AT: Do you have any plans for another Shakespearian Choose Your Own Adventure? Maybe an Othello where he realizes Iago is a jerk or a less power hungry MacBeth?

RN: Haha, I don’t just yet!  I put all the Shakespeare I could think of into this book.  When Juliet fakes her own death she has a dream (a Midsummer Night’s Dream, if you will), that you then get to play through, and when Romeo is banished to Mantua he can visit the library and read his own choose-your-own-path book based on Macbeth called Fair Is Foul and/or Foul Is Fair (I decided it did work well as a mini adventure after all!), and on top of all that there are tiny cameos and segments crossing over with other Shakespeare characters.  But even after all that there’s still lots of Shakespeare left, and it would be interesting to see what Othello is up to….

AT: Finally, are you reading anything right now that you’re really into that you think teens might like, comics or otherwise? (Assuming that they are already really into Dinosaur Comics, Adventure Time, and Squirrel Girl….)

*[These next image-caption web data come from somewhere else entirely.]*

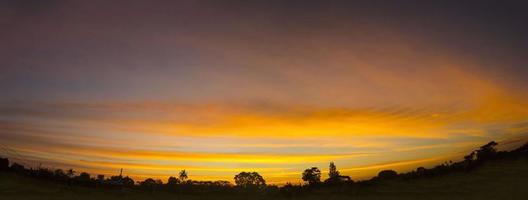 Panorama Himmel in Landschaft gelb orange und es gibt viele Farben in den schönen Abend in der ruhigen, warmen und romantischen Natur auf dem Land und im Schatten der schwarzen Kokospalmen. foto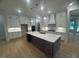 Spacious kitchen with a large center island, stainless steel appliances, and custom cabinetry at 60 Valebrook Ct, Youngsville, NC 27596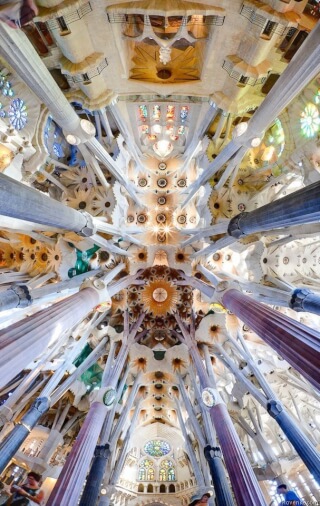 View of the ceiling inside the Sagrada Familia in Barcelona, Spain, showing ornate columns and intricate designs.
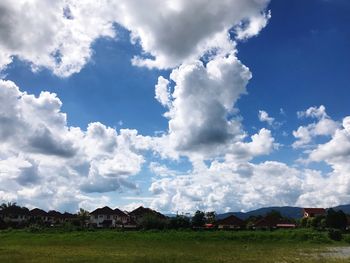 Houses on field against sky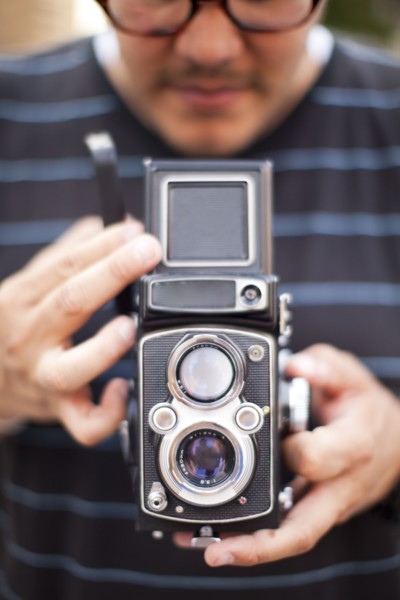 USA, New York State, New York City, Man holding old fashion camera. 
Photo: Jessica Peterson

RN: Oh man, there’s so many great books out right now.  Comics wise, you can’t go wrong with Giant Days, Lumberjanes, or Ms. Marvel.  Those are all ongoing series, but a great standalone graphic novel is Fun Home by Alison Bechdel.  Book wise I’m a huge fan of books that make me feel smarter after reading them, so I’d recommend Thing Explainer and What If, both by Randall Munroe. Thing Explainer explains things using only the 1000 most common words (it’s hilarious, but you also learn how Saturn V rockets work) and What If takes ludicrous premises (what if you could throw a baseball at the speed of light?) and explores them fully using science. Spoiler alert for the baseball moving at the speed of light: it does not work out well for ANYONE.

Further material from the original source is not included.